The research project – led by law expert Ian Ramsay – surveyed 994 Australians aged between 25 and 34 and found that most respondents did not even look at their periodic super statements.
While Professor Ramsay acknowledged that young people were under many pressures and could be forgiven for not being overly focused on retirement strategies, he observed that the low levels of engagement detected by the survey were surprising.
“It’s perfectly understandable that young adults can have higher priorities at that stage of their lives, but they should be, in our view, more engaged with the choices they make in superannuation,” he said.
• 6.5 per cent have a plan for retirement
• 20 per cent of young people trust their super fund
• One-third read their statements
• Superannuation knowledge improved with longer work experience and higher education
Industry Super Australia CEO David Whiteley told The New Daily that disengagement in younger life is a natural by-product of a compulsory superannuation system.
“Compulsory super is one of the most significant economic achievements in Australia, but having created 10-plus million compulsory savers what we haven’t created is 10-plus million active and engaged investors,” Mr Whiteley said.

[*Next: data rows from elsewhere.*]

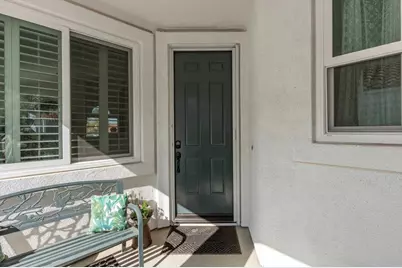 4246 Lindos Way, Oceanside, CA 92056 - Photo 8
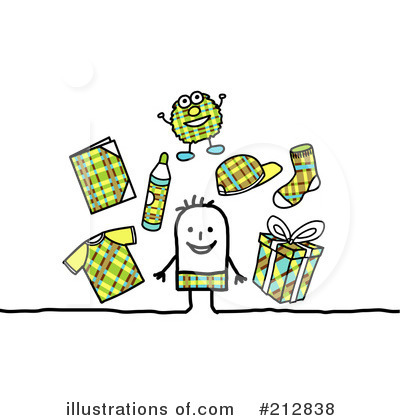 Present Clipart #212838 by NL shop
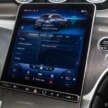 Mercedes-Benz GLC300 4Matic CKD RM51k cheaper than CBU; sunroof, Handsfree Access – RM379k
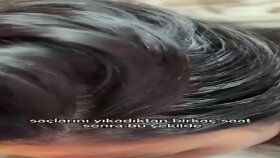 UGC Ürün Tanıtım Videosu | Doğal ve Etkili İçerik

A lack of interest between the ages of 25 and 34 is to be expected and is even “entirely rational”, he said, because young families are in “start-up phase” when more immediate matters – mortgage, HECS debt, holidays, the costs of children and more – crowd the minds of younger adults.

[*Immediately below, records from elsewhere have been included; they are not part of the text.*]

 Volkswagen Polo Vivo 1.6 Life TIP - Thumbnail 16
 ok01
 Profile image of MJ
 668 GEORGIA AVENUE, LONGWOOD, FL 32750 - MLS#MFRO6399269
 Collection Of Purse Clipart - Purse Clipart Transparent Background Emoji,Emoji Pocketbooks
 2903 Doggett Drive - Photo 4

The system should accommodate this natural progression from carelessness in younger life to “deep concern” as retirement looms, he said.
“We estimate that eight in 10 people do not choose their own super fund – that they are defaulted into the workplace default fund,” Mr Whiteley said.

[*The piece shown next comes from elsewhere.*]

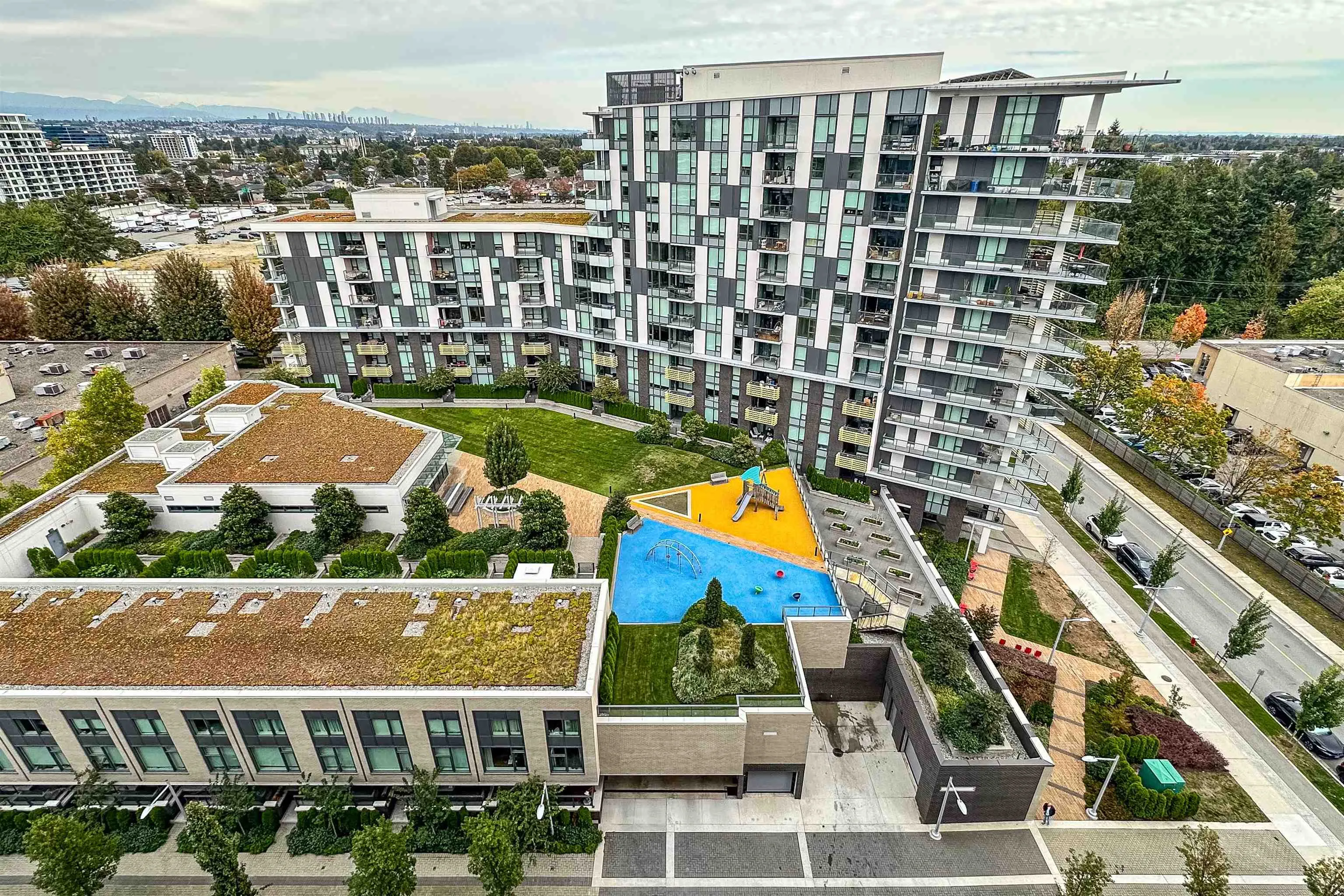 1608 3333 Brown Road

Australian Super head of external relations Stephen McMahon agreed that superannuation is unsurprisingly “not a priority” for many young people, but said that keeping a close eye on fees and consolidating multiple accounts in the early years “can make an enormous difference later” due to the nature of compound interest.
“If they get it right now it can make an enormous difference later as the money saved early on compounds over the lifetime journey,” he said.
Although the poor level of engagement was a key finding of the study, also conspicuous was the high level of disillusionment of respondents.
“Only 20 per cent of respondents told us they trusted the super industry,” Professor Ramsay said.
“We did not ask them why they felt this way, but we did detect a sense of worry among most of the respondents.
“Superannuation rules are continually changing – it’s harder to build trust in such an environment.”
Professor Ramsay said he believed the complexity of superannuation terms and rules also contributed to low trust levels. Only one-third said that reading and understanding super statements was easy.
Despite the problem of complexity, the survey also found 58 per cent of young men over-estimated their understanding of superannuation compared to 41 per cent for women.
“Overconfidence is a worry because it tells us that young people are less open to education,” Ramsay said.
According to the survey, most young adults do not understand the basics of funding their retirements, including the age at which they can begin drawing on their accounts.
The research findings confirm other recent studies, which found that systemic problems such as employers underpaying the super guarantee, were linked with a lack of engagement of workers.
The survey of 994 people aged 25-34 was conducted between December and March using an online questionnaire that was emailed to participants in all states and territories.